## What needs to be done
Without the pictures, can you quote each line below exactly?

## Data records
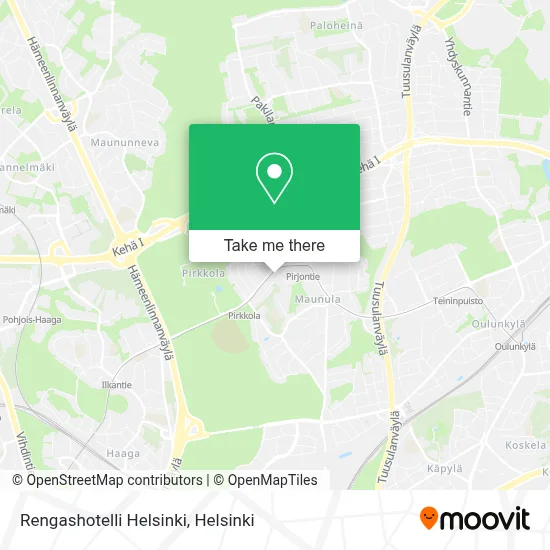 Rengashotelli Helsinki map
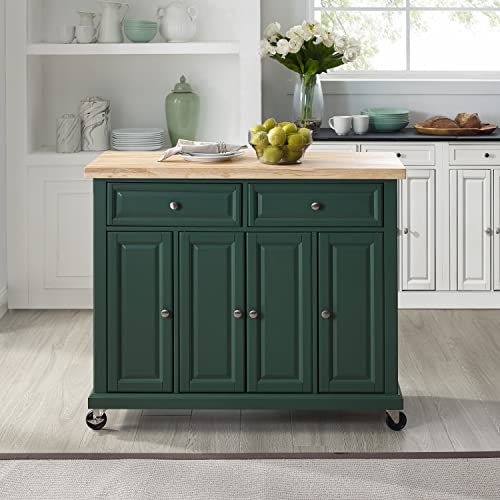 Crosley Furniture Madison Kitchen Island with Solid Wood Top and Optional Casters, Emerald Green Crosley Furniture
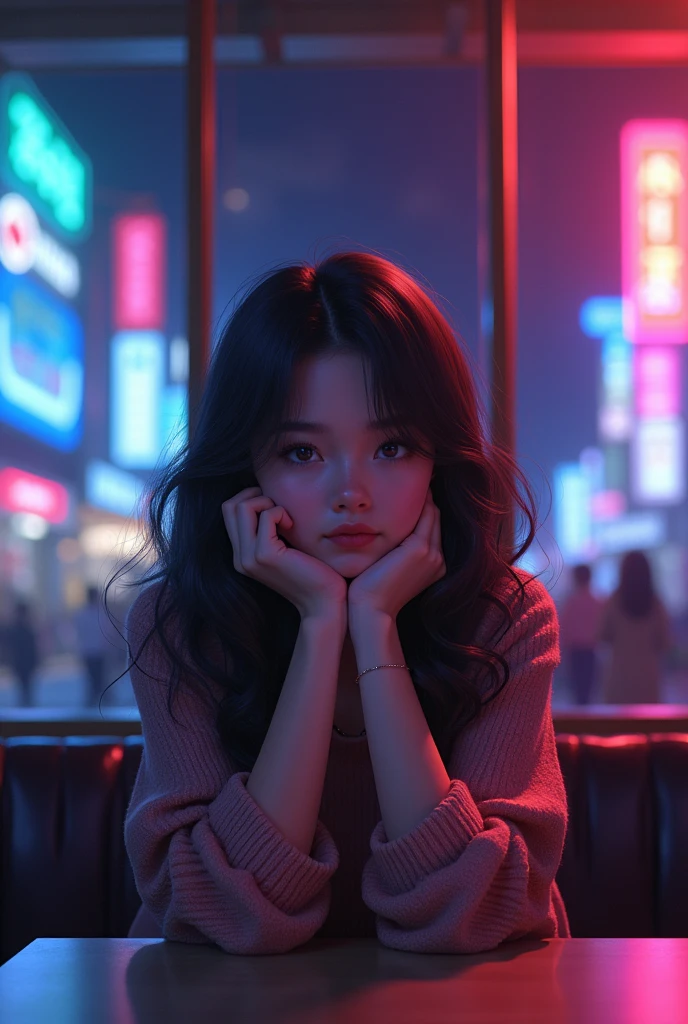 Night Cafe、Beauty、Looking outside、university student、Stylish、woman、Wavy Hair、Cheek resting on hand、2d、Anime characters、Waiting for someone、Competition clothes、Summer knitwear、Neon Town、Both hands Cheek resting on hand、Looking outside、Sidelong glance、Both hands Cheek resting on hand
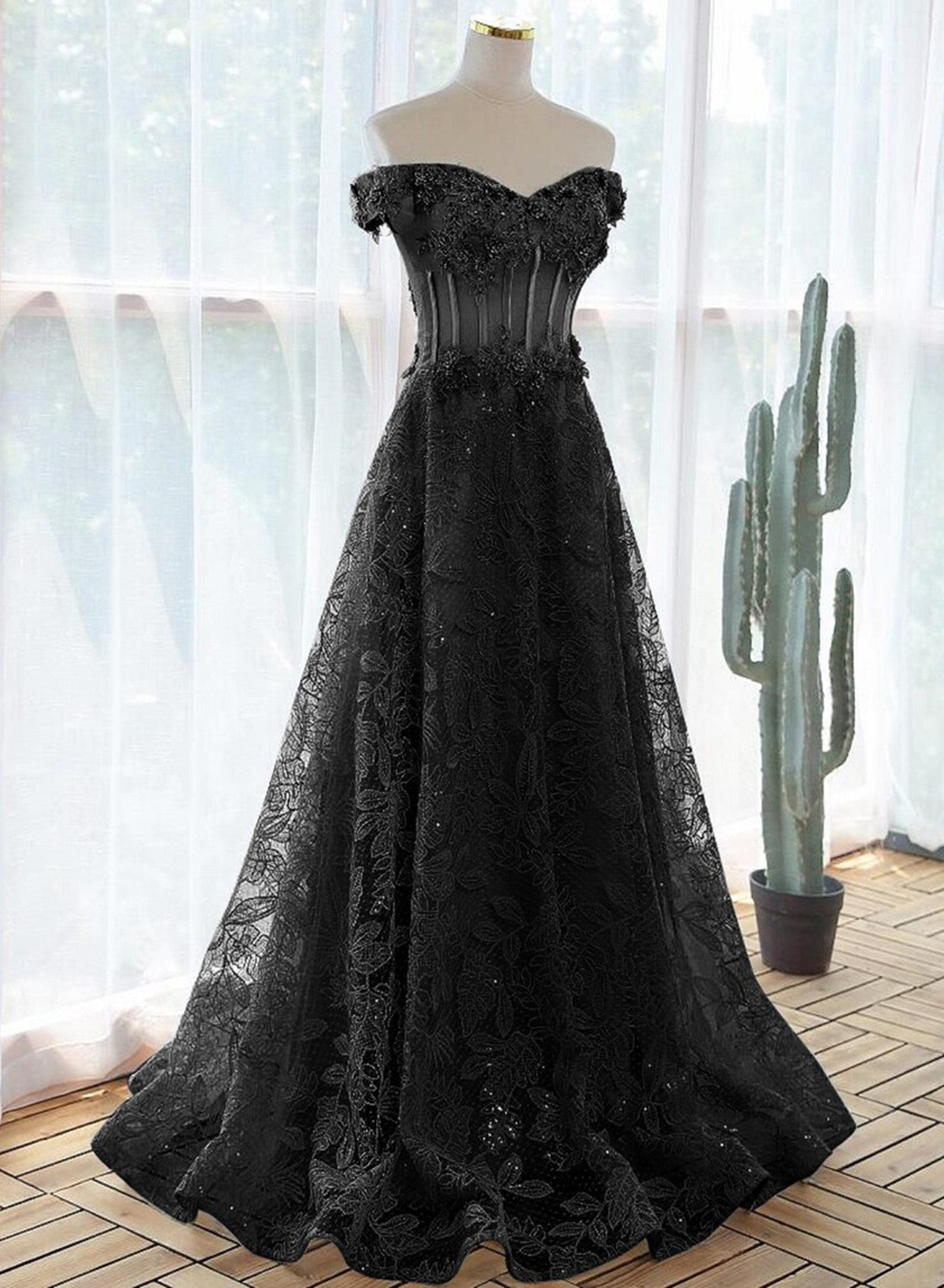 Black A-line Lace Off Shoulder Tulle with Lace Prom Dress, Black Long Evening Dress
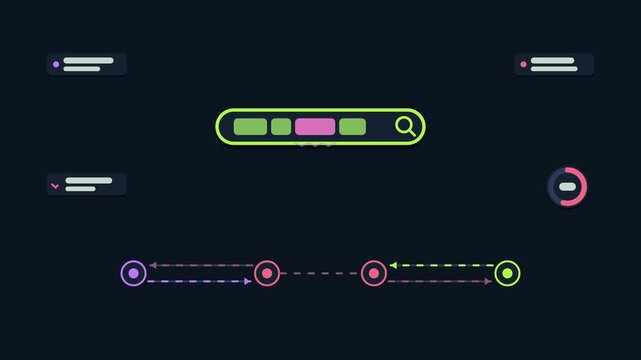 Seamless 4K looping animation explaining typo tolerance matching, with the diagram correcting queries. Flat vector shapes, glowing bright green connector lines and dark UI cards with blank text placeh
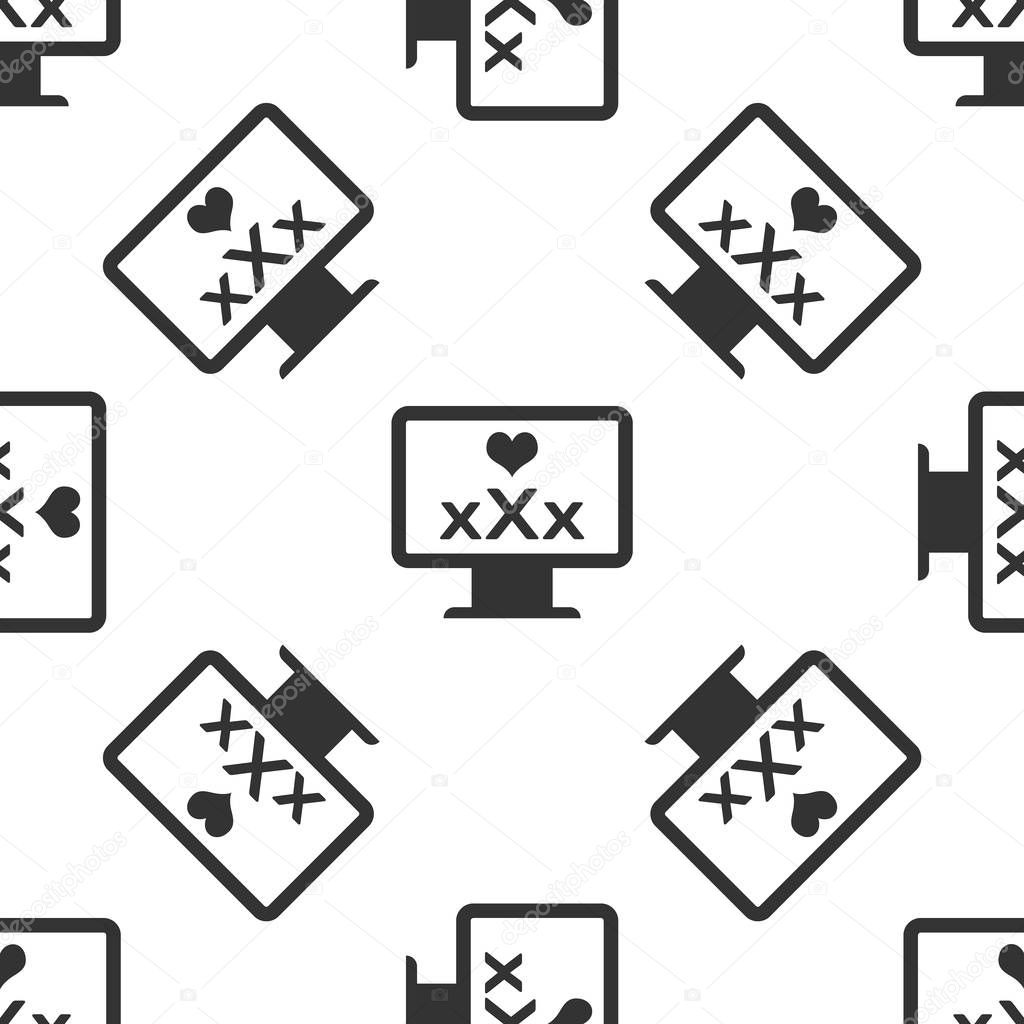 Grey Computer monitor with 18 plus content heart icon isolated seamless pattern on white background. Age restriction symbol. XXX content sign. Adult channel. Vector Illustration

## Solution for this exercise
 Rengashotelli Helsinki map
 Crosley Furniture Madison Kitchen Island with Solid Wood Top and Optional Casters, Emerald Green Crosley Furniture
 Night Cafe、Beauty、Looking outside、university student、Stylish、woman、Wavy Hair、Cheek resting on hand、2d、Anime characters、Waiting for someone、Competition clothes、Summer knitwear、Neon Town、Both hands Cheek resting on hand、Looking outside、Sidelong glance、Both hands Cheek resting on hand
 Black A-line Lace Off Shoulder Tulle with Lace Prom Dress, Black Long Evening Dress
 Seamless 4K looping animation explaining typo tolerance matching, with the diagram correcting queries. Flat vector shapes, glowing bright green connector lines and dark UI cards with blank text placeh
 Grey Computer monitor with 18 plus content heart icon isolated seamless pattern on white background. Age restriction symbol. XXX content sign. Adult channel. Vector Illustration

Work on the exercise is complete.